Compile and Train Model

Here, we compile the model and then train it. A couple things to note. We are using the Adam optimizer, as compared to others such as stochastic gradient descent. We are measuring the success of the model through the categorical crossentropy loss metric, which determines how to adjust the weights within the model.

model.compile(loss=keras.losses.categorical_crossentropy,
              optimizer=keras.optimizers.Adam(),
              metrics=['accuracy'])

model.fit(x_train, y_train,
          batch_size=batch_size,
          epochs=epochs,
          verbose=1,
          validation_data=(x_test, y_test))

Test Model

Now here is the big finish, lets see how well the model performs! We will do this by running through our test set and having the model produce a prediction. Thankfully, there is already a function built into the model for this.
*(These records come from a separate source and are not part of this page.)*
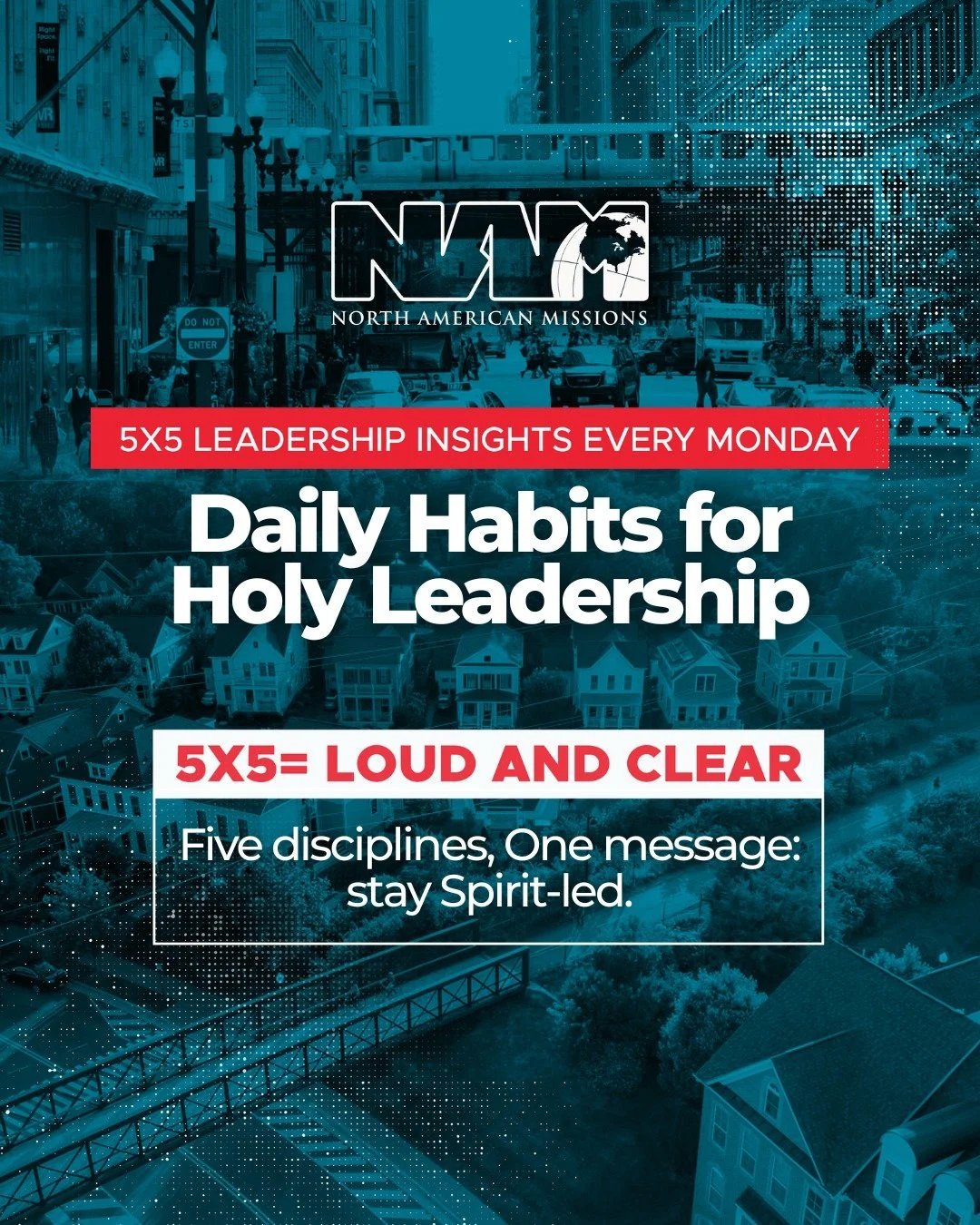 Daily Habits for Holy #Leadership
#5x5 = Loud and Clear: Five disciplines, One message: stay Spirit-led.
✅ Prayer first
✅ Absorb the Scripture
✅ Listen for Spiritual promptings
✅ Guard the margins
✅ Reflect and realign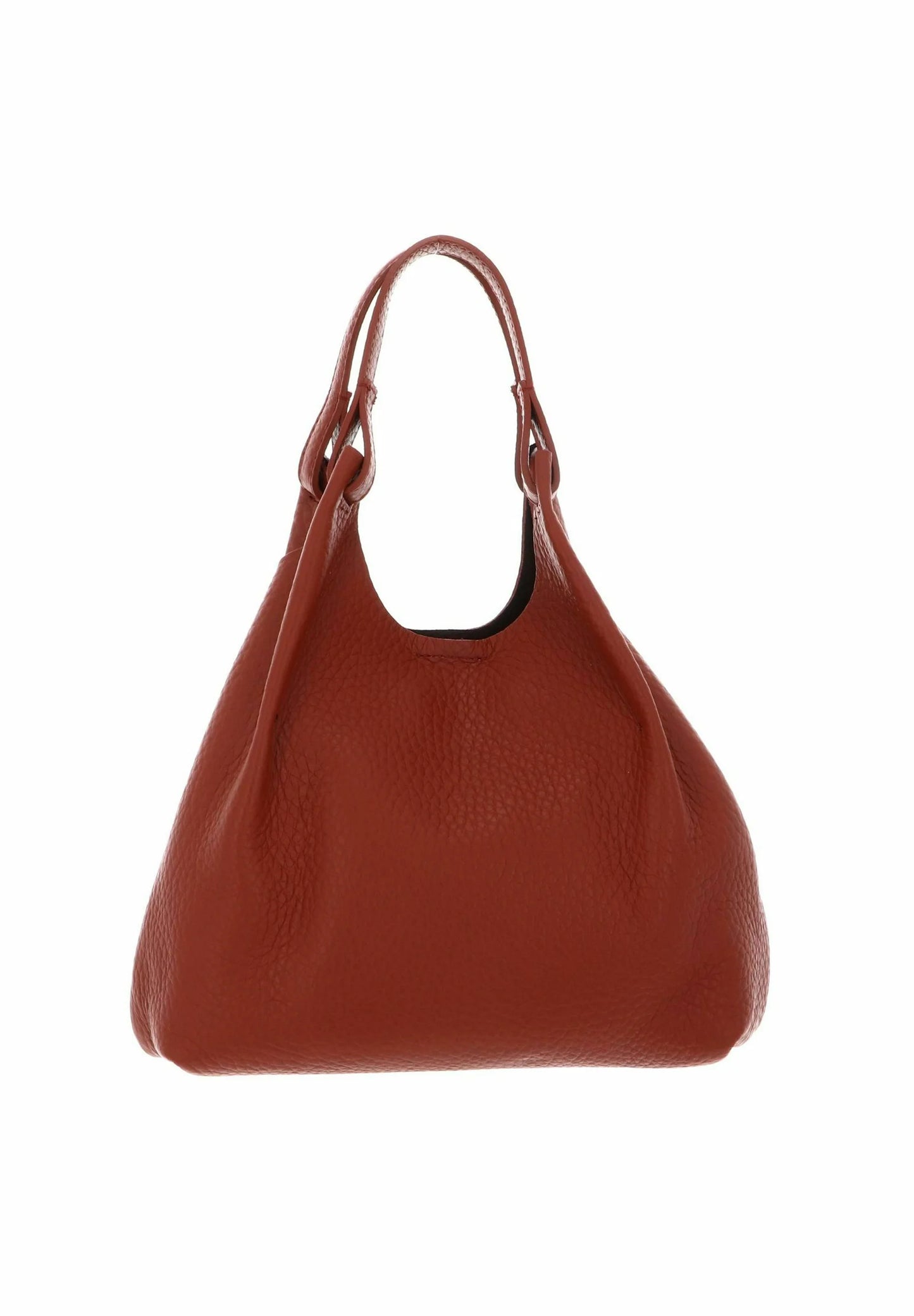 GIANNI CHIARINI - Borsa Dua Media - Brick Red / Testa Moro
score = model.evaluate(x_test, y_test, verbose=0)
print('Test loss:', score[0])
print('Test accuracy:', score[1])

Let's see what happens on an individual image level:

to_predict = np.array([x_test[0]])

output = model.predict(to_predict)

pixels = to_predict[0].reshape((28, 28))

plt.imshow(pixels, cmap='gray')
output
np.argmax(output)
And there you have it! Congratulations on successfully creating, training, and testing your own neural network.